Wie eine Karawane zogen am Donnerstagabend hunderte von Taxis durch die Berliner Innenstadt. Ihr Ziel war nicht etwa eine hippe Location in Mitte, sondern ein stillgelegtes Fabrikgebäude im Südosten der Hauptstadt. Hugo Boss hatte die Treptower Rathenauhallen als Schauplatz seiner Modenschau gewählt. Für ein Nachwuchslabel hätte wohl kaum jemand der 1200 geladenen Gäste die 30-minütige Fahrt dorthin in Kauf genommen. Doch die Shows des deutschen Modeunternehmens sind nicht nur ein Garant für ungewöhnliche Locations, sondern auch für die höchste Promidichte.
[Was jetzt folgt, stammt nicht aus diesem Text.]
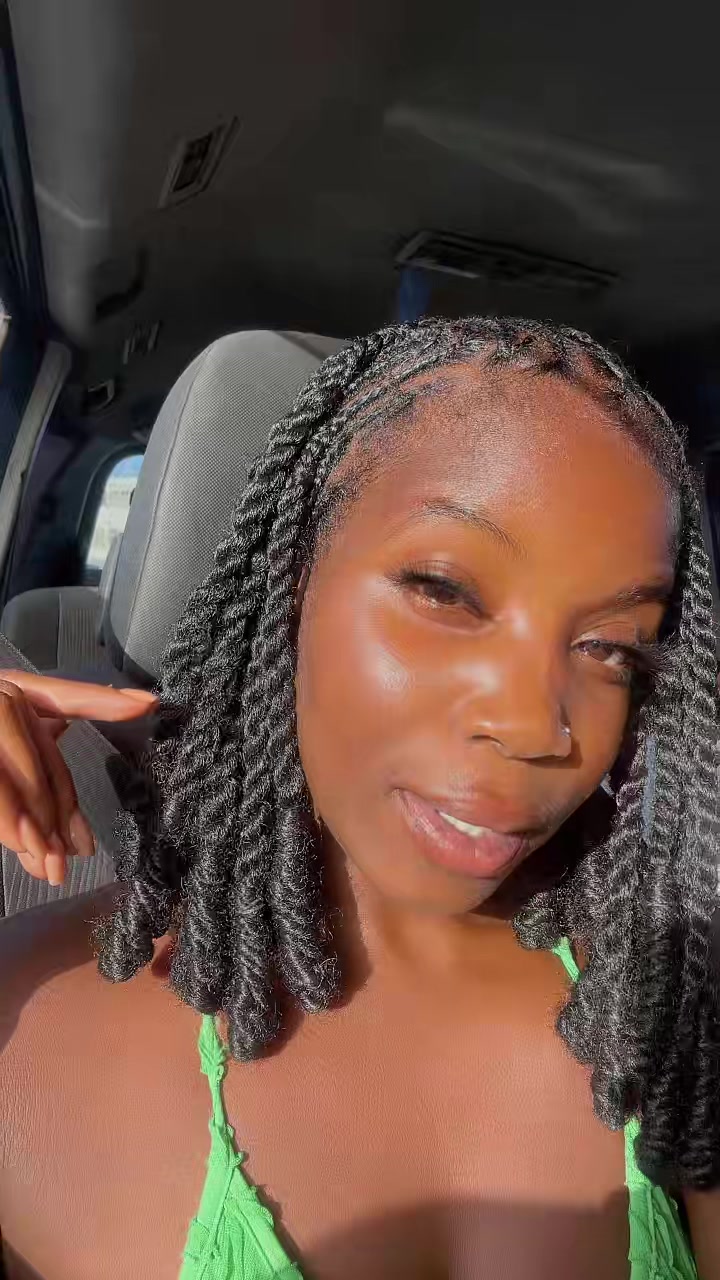@Ebonyjay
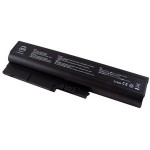 BTI Lithium Ion Notebook Battery IB-Z60M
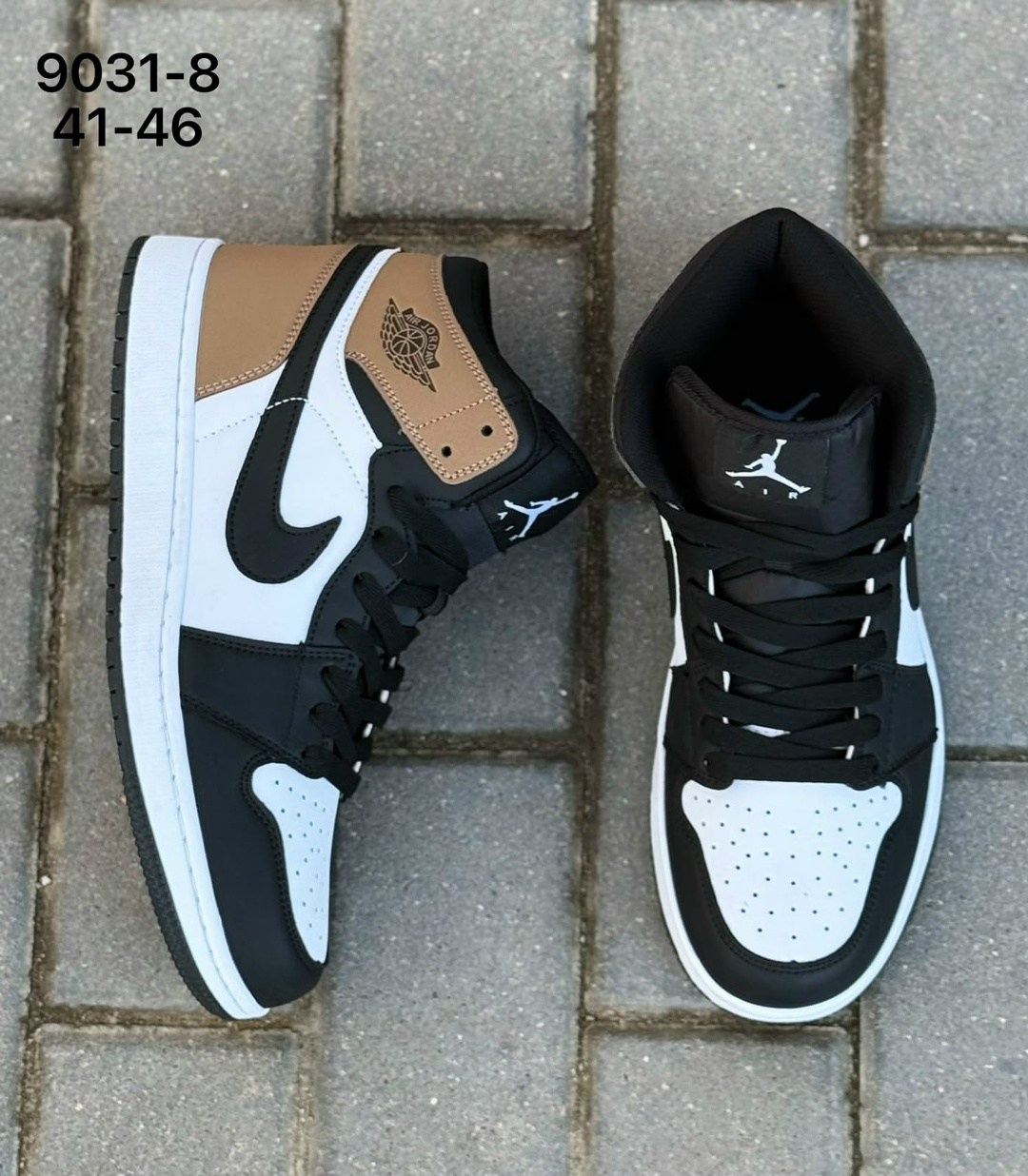 кроссовки nike air jordan 1,кроссовки мужские nike air jordan 1 retro high,кроссовки nike air jordan,зимние кроссовки nike air jordan 1,кроссовки мужские nike air jordan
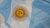 BANDERA DE TELA ARGENTINA x1 U - comprar online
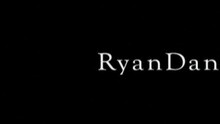 RyanDan EPK May 07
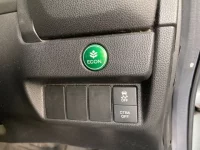 Honda FIT лот № 126 оценка 3.5  с аукциона в Японии 4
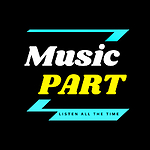 MusicPART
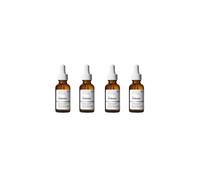 The Ordinary - Retinol 0.2% in Squalane - 30ml (4ea) Set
Für die Präsentation der Unterlinie Boss Orange gönnte man sich auch diesmal eine illustre Gästeliste: Internationale Gäste wie Sienna Miller, Adrien Brody und Jade Jagger mischten sich mit deutschen Stars wie Sabine Christiansen, Eva Padberg und Matthias Schweighöfer - fast alle brav in Orange gehüllt. Während der 15-minütigen Show, die erst mit einer Verspätung von eineinhalb Stunden begann, bekamen sie ausgewaschene Jeans, Seidenshorts, lässige Overalls und pinkfarbene Jacken zu sehen. "Orange ist die raue, unpolierte Seite von Hugo Boss", meint Claus-Dietrich Lahrs, Vorstandschef des Metzinger Unternehmens. Die einzelnen Linien des Hauses will er künftig schärfer trennen: die edle Hauptmarke Boss Black, die vom Bruno Pieters designte Avantgardelinie Hugo und eben Boss Orange, die klar im Freizeitbereich angesiedelt ist.

Angekommen in der Hauptstadt

Auch die Kollektionen von Hugo und Boss durften bereits auf der Berliner Modewoche defilieren. Doch erst mit Orange scheint man in Berlin angekommen: Lahrs will seine alltagstauglichen Klamotten auch künftig in der Hauptstadt zeigen, die für ihren unglamourösen Stil bekannt ist. "Casualwear wächst noch", prophezeite Lahrs. Gleiches kann man von der deutschen Fashion Week auch sagen.

So mancher Promi allerdings wollte sich ein bisschen Pomp nicht nehmen lassen: Jade Jagger zum Beispiel torkelte in kurzem Paillettenhöschen und Schwindel erregenden Plateausandalen über die Rasenfläche vor der Fabrikhalle. Dort fanden sich die Gäste im Anschluss zum zwanglosen Barbecue ein - zumindest diejenigen, die sich dem Dresscode "Casual" gebeugt hatten und nicht mir ihren Absätzen im Gras versanken.